The more interesting and complicated question is: where is the government going to get the money? These days, there’s the surplus, but everyone knows that the government will burn through that pretty quickly. There’s always taxation, but there’s been no talk about raising taxes. In fact, some folks are even talking about cutting taxes as part of a more expansive “stimulus” program.

Still on the fiscal side, the government can run up more debt and market it among the investing public. The idea of war bonds, for example, has variously come up. But Keynesians don’t like that idea for fear that it will cause people to save more money just when they believe people should be spending more to keep the economy’s head above water.

Now we move to the most likely scenario of all, the tried and true way in which government funds itself: inflation. I know that talking about inflation now is like warning of a bad winter in the middle of a hot summer. With the price of oil falling and interest rates being forced lower and lower, no one seems to think that there is any danger that general price increase will get out of hand.

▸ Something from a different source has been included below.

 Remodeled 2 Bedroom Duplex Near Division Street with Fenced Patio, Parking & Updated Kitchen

But there’s a centuries-old definition of inflation that you will find in your dictionary: expansion of the money supply. Over time, the definition was changed to describe the effect and not the cause, the price increases and not the monetary expansion itself. This served to distract people from the real source of the fall in the purchasing power of the dollar.

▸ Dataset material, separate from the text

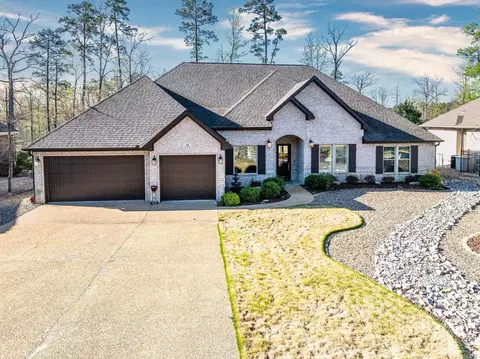 44 Elcano Dr, Hot Springs Village, AR 71909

In the old days of precious-metal money, kings would assign their minions to clip coins and save the clippings for themselves. As a way of signaling that their coins contained the full weight and had not been clipped, private coinage companies were the first to put ridges or “reeding” on the edges of coins. How silly that they still have them today, even though our coins are made out of the cheapest possible metals.

Today, the inflation process is more complicated and shadowy. The Fed can permit banks to keep fewer reserves on hand, thus allowing them to expand loans in return for a promise to bail them out in times of trouble. It can also buy government debt with freshly created money (right out of thin air) and put that debt on the asset side of its ledger.

Then it can lower the interest rate it charges its member banks for overnight loans. This is a rate the Fed entirely controls, and lowering it induces more loans (they hope!) and injects new credit into the economy.

The government benefits from this credit-expansion process because it has a ready buyer for its debt, which is now “monetized,” which is to say, bought with money that didn’t exist before. Yes, the people pay, but not just yet. It takes a while for the new money to filter out through the economy and (all else equal) increase prices across the board.

If you understand this, you might begin to understand the business pages a bit better, for example when the headlines announce with glee that the Fed has pushed short-term rates down to the lowest level in forty years. If there is no cost to this action, it would have been done long ago. But there is a cost, two costs in fact. The first is that it risks igniting price increases. The second is that it distorts production processes by leading business to believe that there is a stronger basis for producing for the future than there really is.

In the weeks since September 11, the Federal Reserve has zoomed the money supply (as measured by MZM) at an astounding rate of 35 percent (annualized)--an amazing fact when you consider that the economy has actually shrunk during this time. The demand for dollars has gone up due to higher savings, but not enough to permanently sop up all that extra cash sloshing around the world today, thanks to an incredibly irresponsible policy.

So, yes, you will pay for this war, and you will pay through the arteries. Wave your flag and whoop it up while the party lasts, but never believe that the only thing being destroyed are mud huts and their inhabitants. The hangover will arrive right here at home, and the destruction will be all too evident for everyone to see.